It’s become a cliché for conservatives to talk about the U.S. national debt when Democrats are in power. It has also become the norm to see these same conservatives voting for more spending once they are in control. Libertarians, on the other hand, understand that beyond the rhetoric, neither Democrats nor Republicans are truly concerned about protecting the taxpayer from the taxman and the phrase, “new boss, same as old boss,” comes to mind no matter what party is in control.
Moreover, a 2013 report by Reuters continues to help us prove what all anti-war libertarians knew all along: war is the biggest of government expenses, not just because lives are lost, but because the debt only grows and never gets fully paid.
Libertarians also understand that having a budget to begin with is a huge problem. Why in the world do we let the government spend our hard-earned money on anything, after all?
According to the Costs of War Project by the Watson Institute for International Studies at Brown University, the U.S. invasion of Iraq and subsequent war cost U.S. taxpayers $1.7 trillion. In addition, the study added that American taxpayers owe $490 billion in benefits to veterans. Over time, those costs could go beyond the $6 trillion mark thanks to interest.
As we approach the 15th anniversary of the U.S. invasion of Iraq, the reality of war continues to lurk.
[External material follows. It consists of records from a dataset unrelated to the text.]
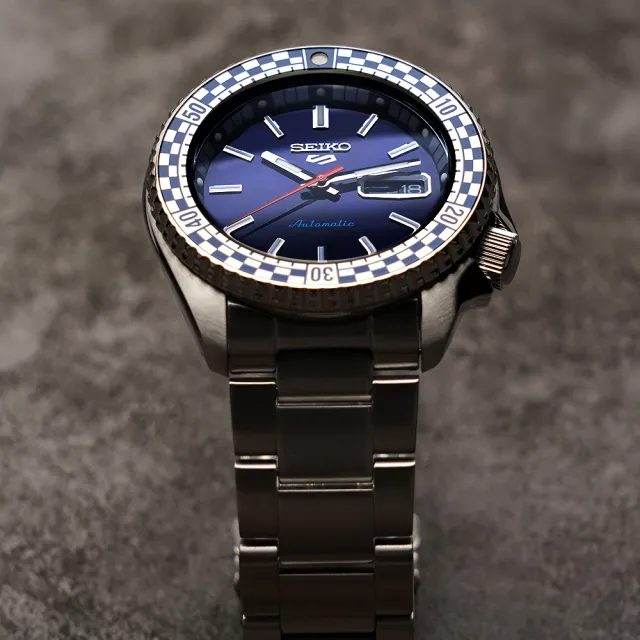【SEIKO 精工】5 Sports SKX 賽車方格旗機械錶-藍/42.5mm 618年中慶 推薦(SRPK65K1/4R36-15Z0B)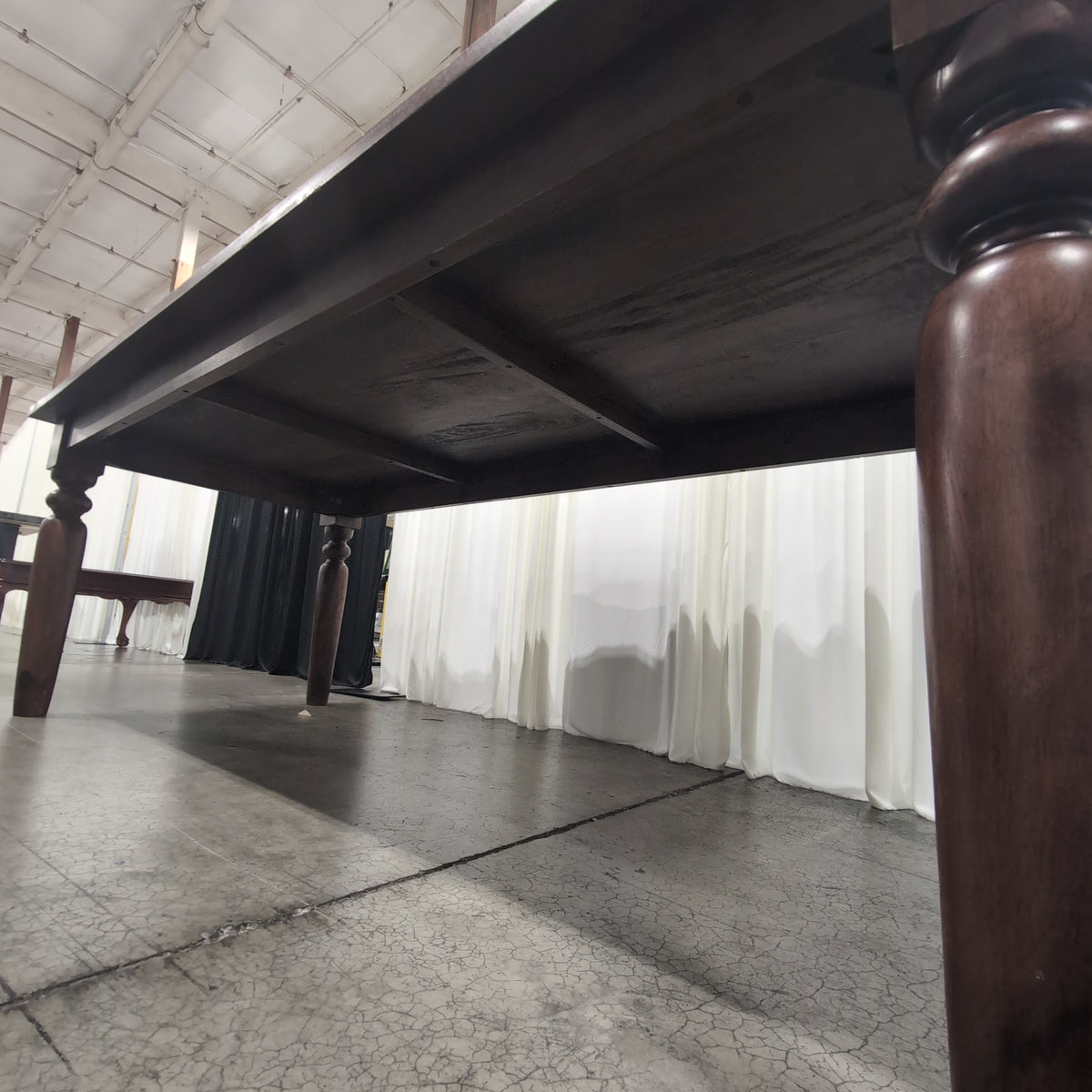 World Market Dark Brown Rustic Wood Dining Table with Turned Legs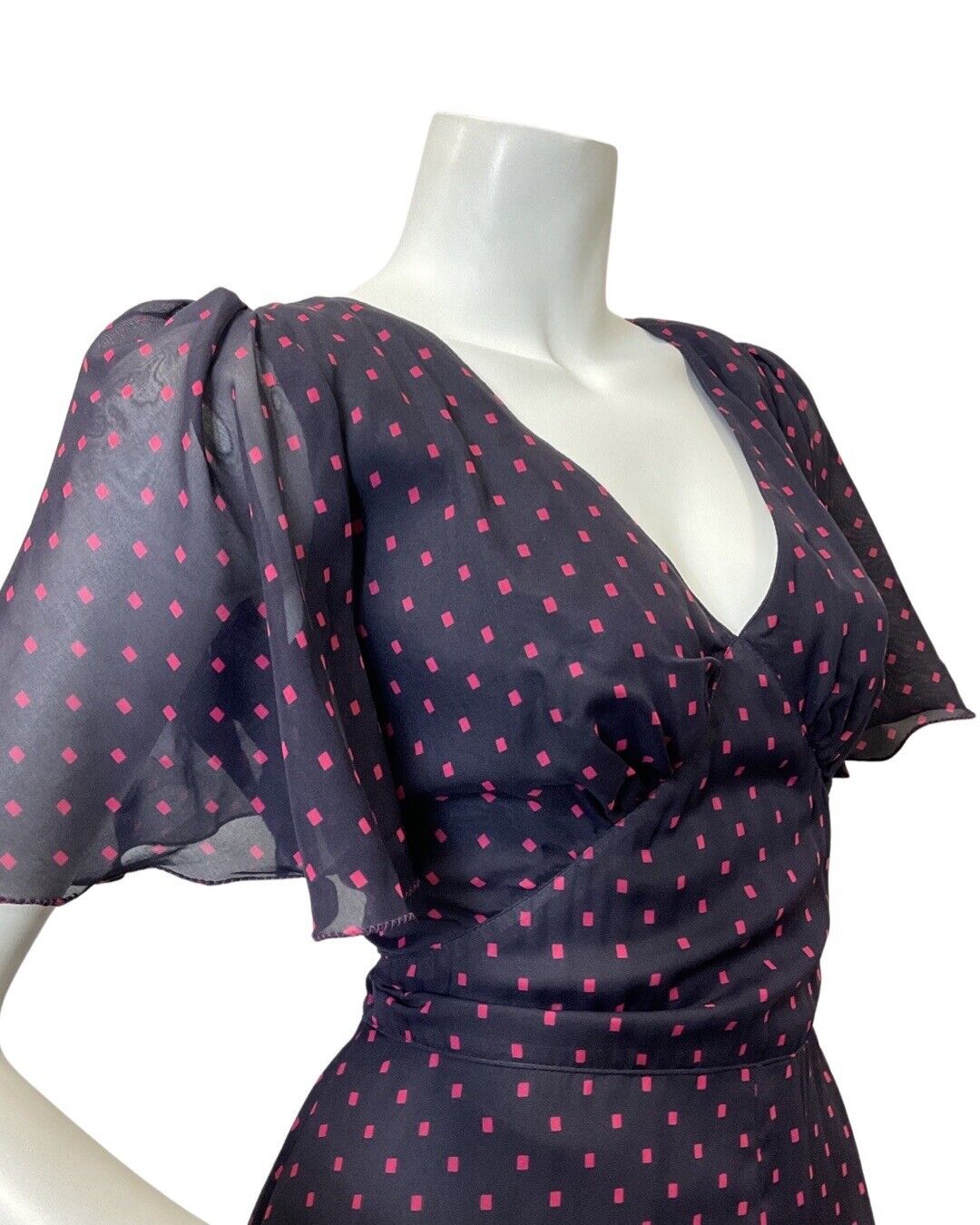 VINTAGE 60s 70s NAVY BLUE PINK SQUARE POLKA-DOT SHEER GOWN MAXI DRESS 10 12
As the U.S. remains deeply involved in Afghanistan, the Middle East is still dealing with the potential consequences of the U.S. involvement over 10 years earlier in Iraq. But because war is happening so far away, Americans seldom think about it, or even care about how paying for war will affect their financial future in any significant way. And as time goes by and the lessons learned from the Iraq campaign appear to never stick, Washington politicians from both sides of the aisle continue to push for more intervention.
The debt is real. And while we might not immediately notice because we aren’t being forced to pay for it here and now, the bombastic load produced by the combination of inflation, interest, and ongoing warfare will continue to be kicked down the road. Still, we seldom hear elected officials talking about the deficit and the war in the same breath.